Task statement — Retype, without changes or pictures, only the lines that begin at the one containing "Bll halo clip" and end at the last line of the records that follow.
━━━━━━━━━━
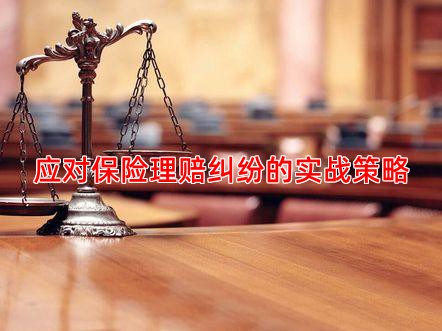 应对保险理赔纠纷的实战策略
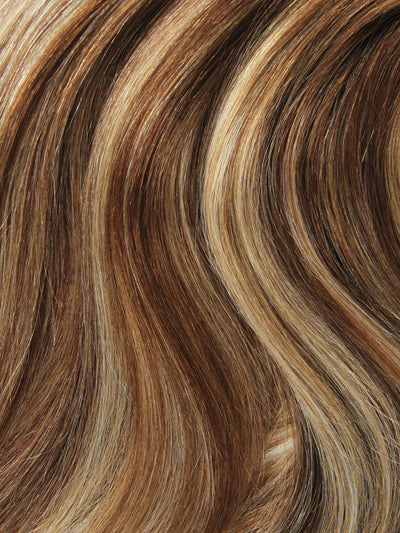 Bll halo clip in extension Chestnut Brown Highlights#color_chestnut-brown-highlights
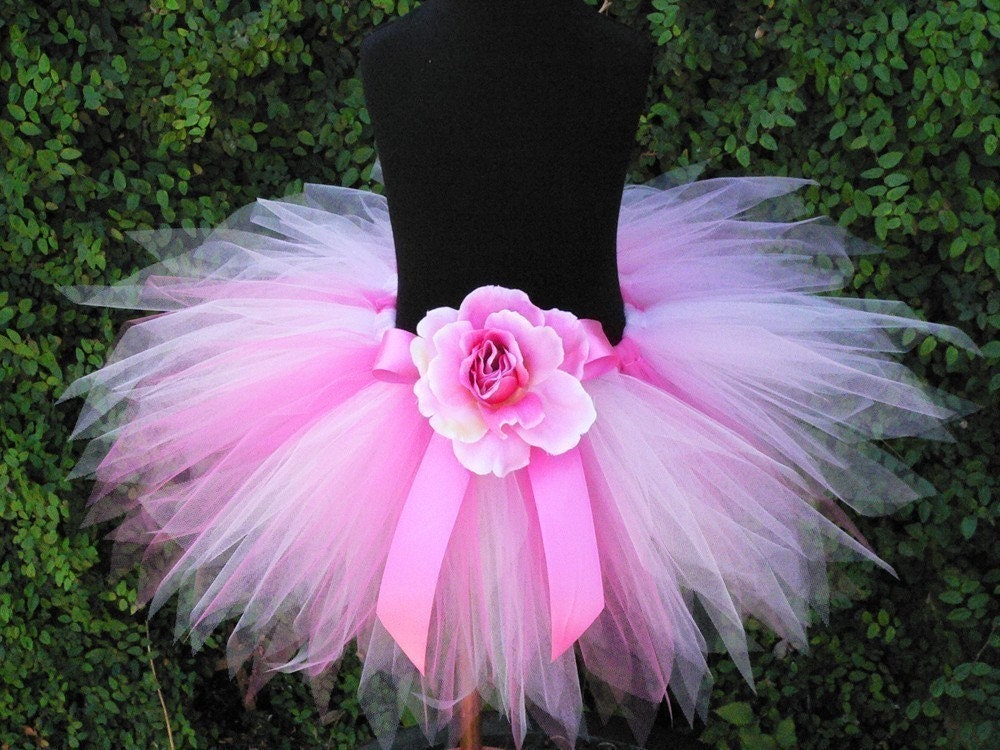 Girls Tutu Skirt - Pink Tutu - Pink Powder Pixie - 11'' Sewn Pixie Tutu ...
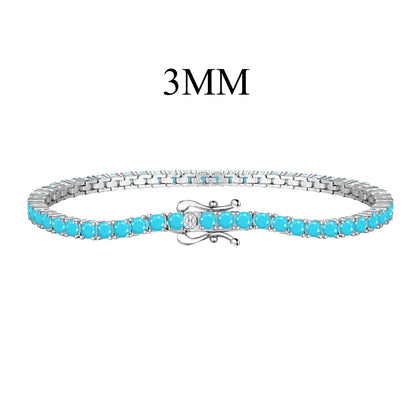 [Kincade Jewelery]Dainty Charming Round Cut Tennis Bracelet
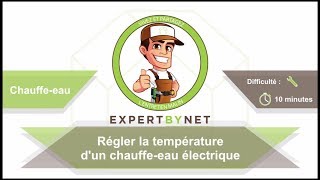 Comment régler la température dun chauffe eau électrique  Tutoriel [upl. by Nissa]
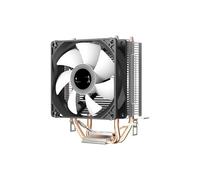 Radiatore di raffreddamento ad aria CPU 2 tubi di rame a tocco diretto, supporto for effetto di illuminazione ARGB, fibbia a doppia piattaforma(Charge version)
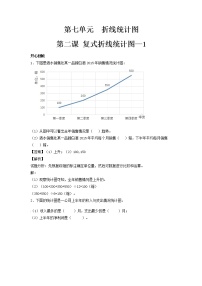 数学五年级下册7 折线统计图习题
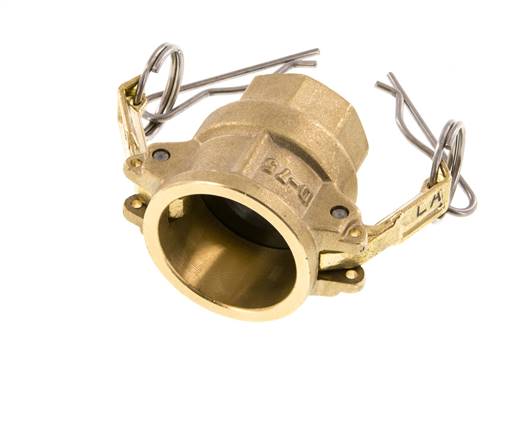 Camlock DN 20 (3/4'') Brass Coupling Rp 3/4'' Female Thread Type D MIL-C-27487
━━━━━━━━━━
Answer for the task —
 Bll halo clip in extension Chestnut Brown Highlights#color_chestnut-brown-highlights
 Girls Tutu Skirt - Pink Tutu - Pink Powder Pixie - 11'' Sewn Pixie Tutu ...
 [Kincade Jewelery]Dainty Charming Round Cut Tennis Bracelet
 Comment régler la température dun chauffe eau électrique  Tutoriel [upl. by Nissa]
 Radiatore di raffreddamento ad aria CPU 2 tubi di rame a tocco diretto, supporto for effetto di illuminazione ARGB, fibbia a doppia piattaforma(Charge version)
 数学五年级下册7 折线统计图习题
 Camlock DN 20 (3/4'') Brass Coupling Rp 3/4'' Female Thread Type D MIL-C-27487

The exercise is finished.